If either of my kids stick their tongue out at an adult behind my back, I expect that adult to either admonish my kid immediately or to straight away make me aware and I will do it myself. But, as you may remember, Nellie Oleson would stick her tongue at anyone who dared enter her parents' store and her parents, instead of putting a stop to it, would believe her denial. This madness is epidemic and frightening.

And it only, apparently gets worse as the kids get older. So called "helicopter parents" hover over their college aged kids, calling their professors to discuss grades and school administrators should their precious ones run afoul of the policies. What's worse is these parents are proud of it, even sporting shirts and bumper stickers proudly proclaiming their stupidity. I'm all for soccer moms. It seems I have become one, albeit unwittingly. But come on, people. If your kid fucks up, he fucks up. Don't make excuses for him -- straighten his crooked ass out.

I guess we pigs and snakes have it easy in that regard. I won't make excuses for her and she won't want me to cling on when she leaves the nest. Perhaps in our dysfunction we've found the healthiest relationship of all.

8 Comments:

Blogger Bobbie (Sunny) Cole said...

Lebowski, wearing black, Confederacy of Dunces - it's a pity we didn't have longer to talk in DC. *grin*

Thanks for sending me the link to your blog - have enjoyed it tremendously!

12:59 AM  
Anonymous Anonymous said...

I had the horrible realization yesterday while trying to eat thai food as I held Ros to a chair that our kids are NOT as well behaved as I thought, and we were THOSE parents right then.

I wanted to die. I don't want those kids.

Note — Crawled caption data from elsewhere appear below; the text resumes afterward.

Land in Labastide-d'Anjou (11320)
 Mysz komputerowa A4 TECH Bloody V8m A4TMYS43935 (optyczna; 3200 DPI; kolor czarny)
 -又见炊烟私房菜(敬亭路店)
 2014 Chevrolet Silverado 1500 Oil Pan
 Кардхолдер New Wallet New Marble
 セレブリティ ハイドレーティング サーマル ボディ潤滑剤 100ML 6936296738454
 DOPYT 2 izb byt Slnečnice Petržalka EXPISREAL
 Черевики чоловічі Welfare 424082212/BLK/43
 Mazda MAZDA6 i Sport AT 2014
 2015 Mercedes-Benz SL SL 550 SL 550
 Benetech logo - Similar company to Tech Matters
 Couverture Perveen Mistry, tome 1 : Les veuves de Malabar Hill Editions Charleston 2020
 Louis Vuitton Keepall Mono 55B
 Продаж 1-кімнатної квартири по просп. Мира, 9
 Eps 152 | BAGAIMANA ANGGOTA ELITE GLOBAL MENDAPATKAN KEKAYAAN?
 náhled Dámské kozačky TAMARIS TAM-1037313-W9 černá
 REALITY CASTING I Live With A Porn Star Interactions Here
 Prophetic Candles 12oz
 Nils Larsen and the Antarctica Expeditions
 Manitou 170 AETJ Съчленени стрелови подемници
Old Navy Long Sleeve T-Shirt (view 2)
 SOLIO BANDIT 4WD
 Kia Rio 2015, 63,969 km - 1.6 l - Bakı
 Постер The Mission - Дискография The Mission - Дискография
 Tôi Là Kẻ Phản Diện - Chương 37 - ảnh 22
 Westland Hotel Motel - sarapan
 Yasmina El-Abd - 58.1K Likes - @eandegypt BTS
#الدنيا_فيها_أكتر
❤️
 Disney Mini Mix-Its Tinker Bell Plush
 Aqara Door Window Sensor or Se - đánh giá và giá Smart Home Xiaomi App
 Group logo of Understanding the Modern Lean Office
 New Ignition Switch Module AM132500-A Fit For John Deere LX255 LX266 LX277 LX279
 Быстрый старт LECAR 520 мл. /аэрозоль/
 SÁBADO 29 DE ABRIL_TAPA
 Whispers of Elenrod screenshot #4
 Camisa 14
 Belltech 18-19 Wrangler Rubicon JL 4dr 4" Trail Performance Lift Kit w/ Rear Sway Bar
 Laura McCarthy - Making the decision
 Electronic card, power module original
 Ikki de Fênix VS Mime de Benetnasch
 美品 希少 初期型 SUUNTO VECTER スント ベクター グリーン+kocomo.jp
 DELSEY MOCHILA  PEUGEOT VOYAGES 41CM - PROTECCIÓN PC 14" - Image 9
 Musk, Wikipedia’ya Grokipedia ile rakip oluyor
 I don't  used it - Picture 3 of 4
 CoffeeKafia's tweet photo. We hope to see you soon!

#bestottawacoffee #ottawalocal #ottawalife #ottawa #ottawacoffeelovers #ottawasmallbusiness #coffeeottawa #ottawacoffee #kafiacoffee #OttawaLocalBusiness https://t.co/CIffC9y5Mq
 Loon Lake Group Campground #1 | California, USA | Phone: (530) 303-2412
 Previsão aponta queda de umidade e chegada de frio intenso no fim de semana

Right now, Vivian and I are NOT really getting along-same issue-oil and water. Drives me nuts.

7:27 AM  
Anonymous Anonymous said...

Well I'm a Boar as well, great!!

9:42 AM  
Anonymous Anonymous said...

Personally, I thought Nellie Olsen rocked. That's not saying I take your daughter's side or anything. Some of what you write about makes me scared of you (lol) so I would never cross you.

As for me, I'm a monkey. Which isn't much better than a boar so don't feel so bad.